When we think of child abuse we normally think of physical or emotional abuse and neglect. Could it be that “enabling” is a type of child abuse? If we are always removing or resolving the consequences in someone’s life we are neglecting to teach them how to face it and emotionally building resentment and entitlement in their life. Then they never mature to trust in the Lord when the tribulations of this world come. Who do they trust in? Most of the time those who are being enabled get resentful towards the one who interrupts their sinful pattern and do not understand why they’re not getting a bail out. So they get angry at God and the agents that God is trying to use to bring real help.
How do we check up on ourselves to make sure we don’t create this habit? Well, ask yourself a few questions:
• Has the Lord been convicting me about this already?
• When my adult child calls is my immediate thought, “What is it this time?”
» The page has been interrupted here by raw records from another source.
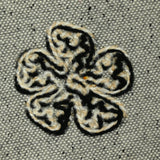 Polyviscose natté motifs floraux floqués gris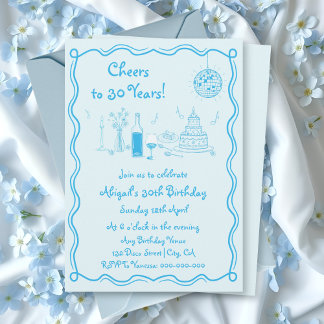 Invitation Anniversaire de gribouillis bleu d'aqua rétro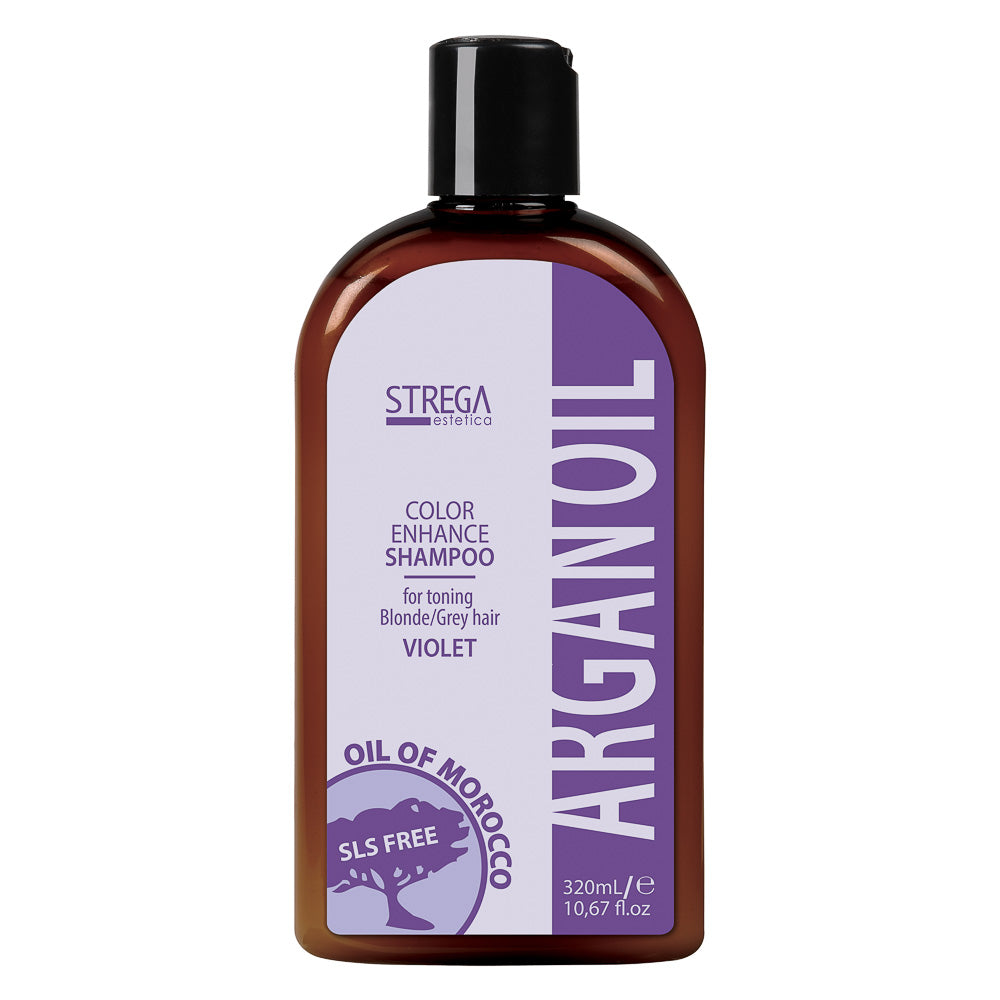 Strega Estetica Argan Oil Color Enhance Shampoo - Violet Toner for Blonde/Grey Hair, SLS Free.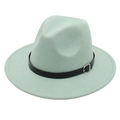 Detalle de sombrero fedora vintage verde menta con banda negra y hebilla de metal plateado - M (56-58cm) / Verde Menta (Banda de Cuero Negro)
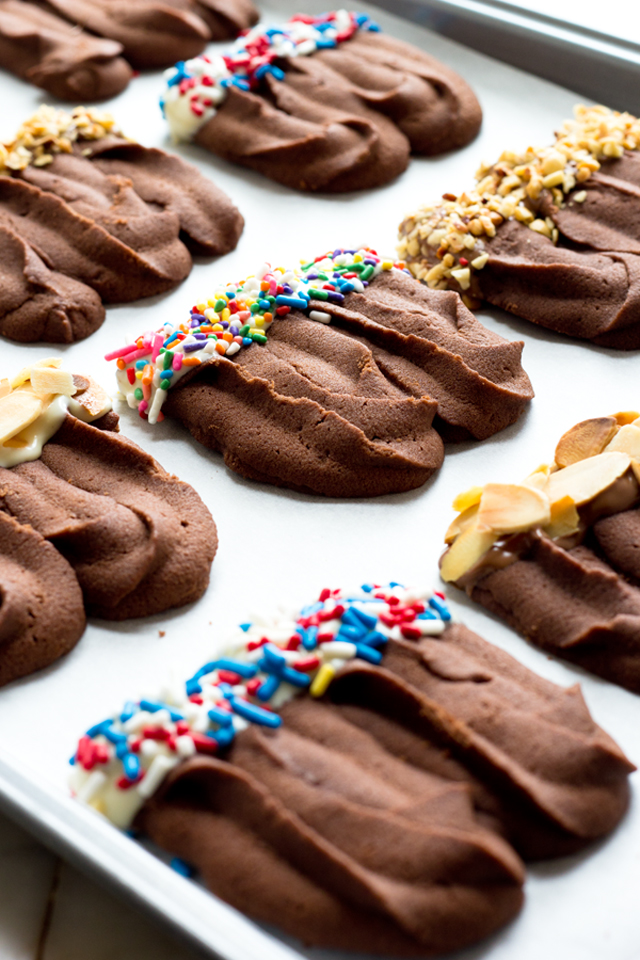 Chocolate cookie press cookies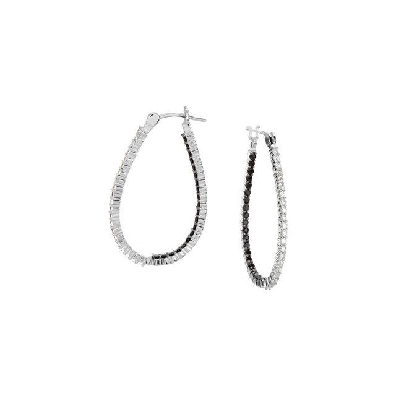 Silver Hoop Earrings
Diamond & Black Spinel 
0.33ctw  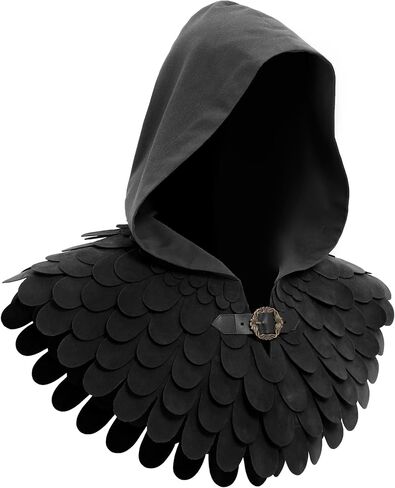 PROCOS Medieval Cowl Scaly Hat Renaissance Cape Hooded Gothic Pagan Scale Neck Armor Halloween Costume Accessory in Saudi Arabia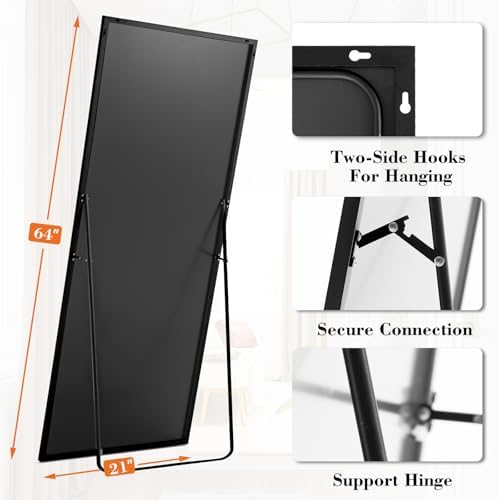 21"x64" Mirror Full Length, Upgraded Body Wall Mirrors - Image 2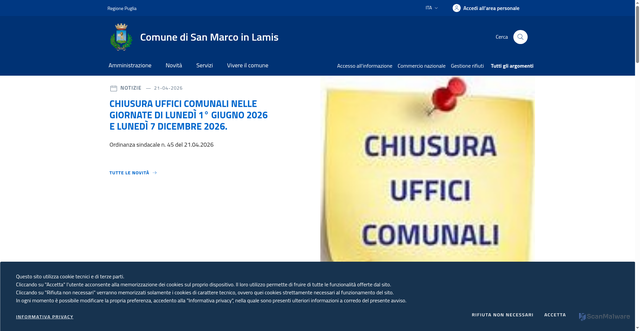 Security scan screenshot of https://www.comune.sanmarcoinlamis.fg.it/
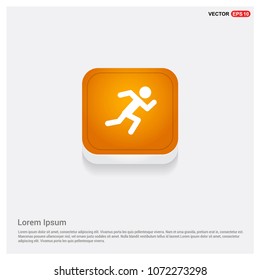 Runner Icon Orange Abstract Web Button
• Does your child now act entitled to and demand things you once enjoyed giving like; car privileges, gifts, perks at home, or rent money?
• Does it feel like you are living from crisis to crisis with them?
• Are you feeling burdened, used, resentful, or burned out?
• Have you loaned him money or paid for bills repeatedly; seldom, if ever, being repaid?
• Have you bailed him out of rehab because he got uncomfortable without talking to the leadership or jail and paid for his legal fees?
• Have you given him “one more chance” and then another and another?
I have a feeling, if you have been through this, you can add a lot more questions than I have room for.
I have heard this too many times; “Well, I don’t think I’m enabling; I’m helping.” Here’s the difference: Helping is doing something for someone that he is not capable of doing himself. Enabling is doing for someone things that he could and should be doing himself.
So how do we break this cycle or avoid getting into it? First, we have got to go back to the beginning and understand that the beautiful gift you have been given is a gift and it is given from the Lord and like all gifts we want to honor the Lord with how we handle that gift. Also recognize that every gift comes with responsibility. Prov. 22:6 says, “Train up a child in the way he should go, And when he is old he will not depart from it.” We have to train our children; yes, even our adult children. Someone once described the parenting process this way: “Being a parent is a lot like building a boat that you eventually will launch. The building process is gratifying, but so is launching the boat and seeing that what you’ve built can handle the seas. At some point as a parent, you’ve got to start getting your child ready to be launched.” We need to understand that we are to be preparing them for life not to live it for them. Ps 127: 4-5 also teaches us; “Like arrows in the hand of a warrior, so are the children of one’s youth. Happy is the man who has his quiver full of them; they shall not be ashamed.” Children are compared to an arrow for a warrior. And we are to train them up to send them out in this world full of spiritual warfare that demands dependency on Jesus Christ as their solid rock.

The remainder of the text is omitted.